Stories for children should be of all kinds—folktales, funny, exciting, astounding stories, and tales of every day life.
An essential step in language acquisition and learning to read is hearing good books read aloud. Parents and teachers who read aloud to children are teaching literacy concepts by the act of sharing a good story. Listening to a story allows children to ponder, make comments, and ask questions. It allows the word, the reader, and the listener to connect in unique ways.
Be flexible enough to leave a book that doesn’t interest. This doesn’t mean the first paragraph or the first page. If it’s a chapter book give the story 2 to 3 chapters to develop. This is especially true of science fiction or fantasy.

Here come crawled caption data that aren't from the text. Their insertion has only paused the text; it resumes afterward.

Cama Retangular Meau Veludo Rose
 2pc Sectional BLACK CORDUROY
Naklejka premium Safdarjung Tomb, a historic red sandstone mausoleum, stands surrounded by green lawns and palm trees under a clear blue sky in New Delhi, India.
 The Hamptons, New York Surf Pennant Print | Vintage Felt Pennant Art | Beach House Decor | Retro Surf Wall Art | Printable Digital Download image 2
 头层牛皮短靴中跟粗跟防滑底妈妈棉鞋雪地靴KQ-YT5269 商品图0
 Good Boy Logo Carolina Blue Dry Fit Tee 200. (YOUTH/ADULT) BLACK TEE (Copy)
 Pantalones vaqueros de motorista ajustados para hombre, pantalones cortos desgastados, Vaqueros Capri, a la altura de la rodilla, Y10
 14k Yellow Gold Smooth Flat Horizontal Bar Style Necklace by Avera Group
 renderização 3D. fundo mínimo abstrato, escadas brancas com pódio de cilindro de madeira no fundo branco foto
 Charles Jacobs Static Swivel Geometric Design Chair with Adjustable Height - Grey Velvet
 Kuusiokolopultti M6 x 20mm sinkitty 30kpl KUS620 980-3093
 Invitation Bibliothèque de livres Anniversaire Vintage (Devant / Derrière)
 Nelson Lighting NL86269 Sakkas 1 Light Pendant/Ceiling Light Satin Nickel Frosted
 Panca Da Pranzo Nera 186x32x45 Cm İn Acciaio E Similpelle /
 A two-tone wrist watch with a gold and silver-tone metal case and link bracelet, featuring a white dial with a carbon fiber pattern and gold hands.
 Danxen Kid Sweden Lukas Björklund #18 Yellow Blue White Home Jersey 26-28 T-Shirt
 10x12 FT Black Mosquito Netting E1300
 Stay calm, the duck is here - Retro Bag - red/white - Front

The author needs the time to develop the setting and characters. If it’s a picture book give the story 2 to 3 pages. After that if the child is still not interested, leave the book behind. Not every book is meant for every child. We want children to enjoy books, not suffer through a story that bore them.
Even after children learn to read on their own they still enjoy having a story read aloud. Hearing a good story read well, is an excellent way to encourage independent reading. Children can generally hear and understand vocabulary and story complexities 2 grade levels above their reading level. Not every book are best read aloud. Some books are perfect for a quiet read. There are many books that are perfect for reading aloud, perhaps before bedtime or at the end of the school day. Many times children will hear a story and then want to read it for themselves.
Don’t be afraid to ask your child to bring other ideas to the story. Ask them to write or draw a different ending to the story, how a character felt during a scene, or create a 3-D representation of a poem. My youngest son loved making book covers. He would take construction paper, crayons, and glue and make a new picture for the front cover and then write a review on the back of his book jacket. In this reading, writing, art activity his love of literature was strengthened.
Children want to read what makes them laugh, cry, shiver, or gasp. They enjoy stories that reflect what they have felt. How did a story character deal with a particular situation? They long to live through the adventures of the characters. Poetry allows children to hear playful language. For children, reading must be enjoyed in a world of imagination, wonderment, and emotion.